Nevertheless, it must be acknowledged that looking into the mouth of the abyss of possibilities in how to answer life’s questions can by itself be paralyzing. Thus Frankl rejects the general question “What is the meaning of life?” as a meaningless question. “It reminds us of the question a reporter asked a grand master in chess. ‘And now tell me, maestro – what is the best move in chess?’ Neither question can be answered in a general fashion, but only in regard to a particular situation and person” (p.61). Otherwise we “would be tormented by eternal doubts and endless self-criticism, and would at best overstep the time limit and forfeit the game.”
Thus what one decides is not as significant as that one decides to respond to a given situation. Indecision – to sulk in a wheelchair in the face of “no good choices” – is to overstep one’s time limit and forfeit the game. At the other extreme, to commit suicide is to simply sweep the pieces off the chess board; it is forsaking the value of moving a piece regardless of how it may or may not affect the outcome of the game. For meaning derives from the opportunity and decision to make a move, and not from society’s conception of winning.
There are so many practical, applicable at this very minute insights in Frankl’s book. His chapter on the meaning of love by itself is worth the price of the book. His chapter on the meaning of work, how “our task is not our calling” (p. 124), equips one with a healthy perspective for the twists and turns in the real world. For example, Frankl relates:
“Several years ago a garbage collector received the order of merit from the German government. This man did his job to everyone’s satisfaction, but the special effort that gained him the award was this: He looks in the garbage cans for discarded toys, spends his evening hours repairing them, and gives them to poor children as presents. He adds magnificent meaning to his clean-up job.” (p.298)

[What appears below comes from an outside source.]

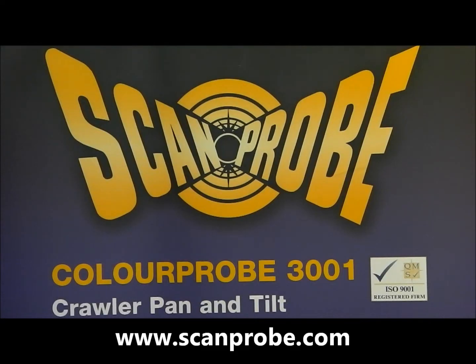For a detailed specification and pricing information, please visit our website at www.scanprobe.com.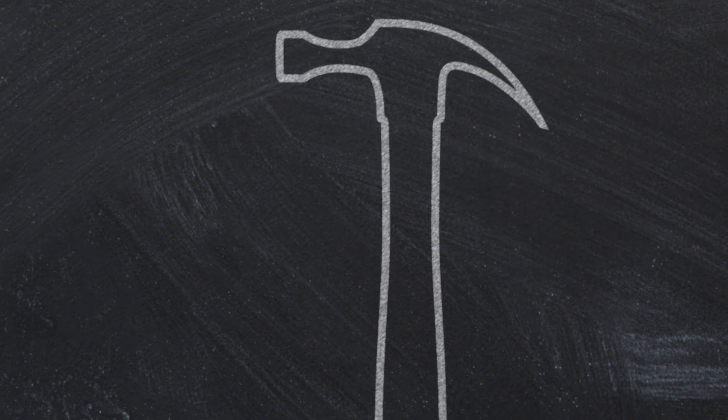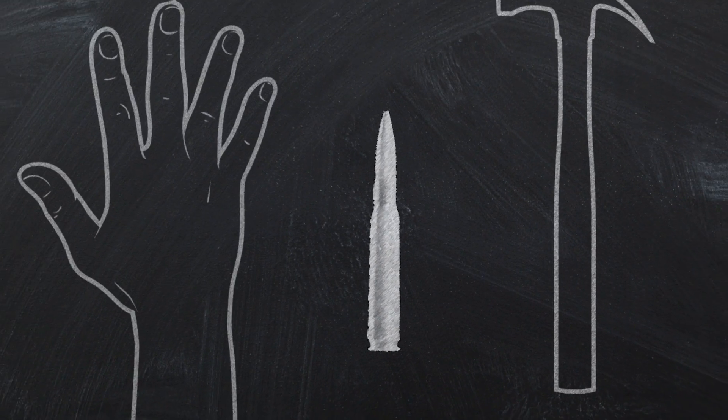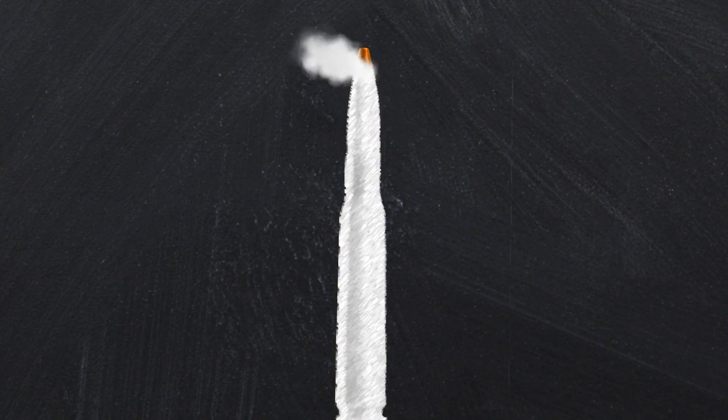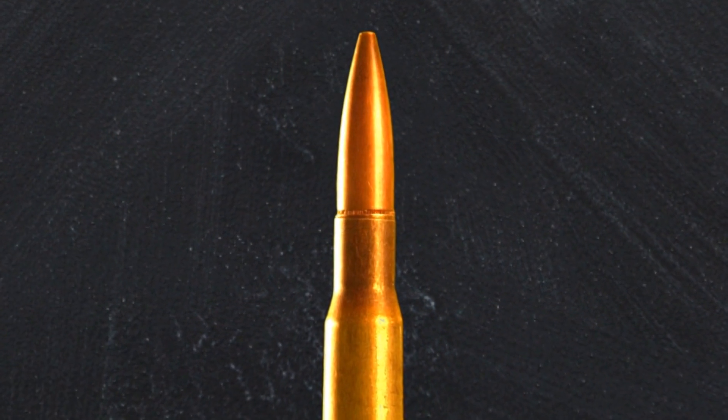This is a hammer. This is a .50 caliber round. And this is a hand. When you use ammunition as a multipurpose tool, it explodes, creating a chain reaction that directly impacts the hand that misuses it. Because that is the way ammunition is designed.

Frankl’s other chapters on dealing with anxiety and obsessive behavior are priceless. For instance, if you are afraid of public speaking, you can apply Frankl’s ingenius method of paradoxical intention. That is, wish your fear. The moment you feel nervous and anxious, and your fear of sounding like a fool begins to rise, at that moment, think to yourself, “I’m going to try and make my voice quiver. I want to appear as the most nervous, incomprehensible person these people have ever heard.” And as you’re thinking this to yourself, actually try and intend to make this true. Instead of trying to suppress or resist your fears, wish, intend, make it your ambition to realize your worst fears the moment they begin to arise. And then, paradoxically, you’ll discover great relief from your fears.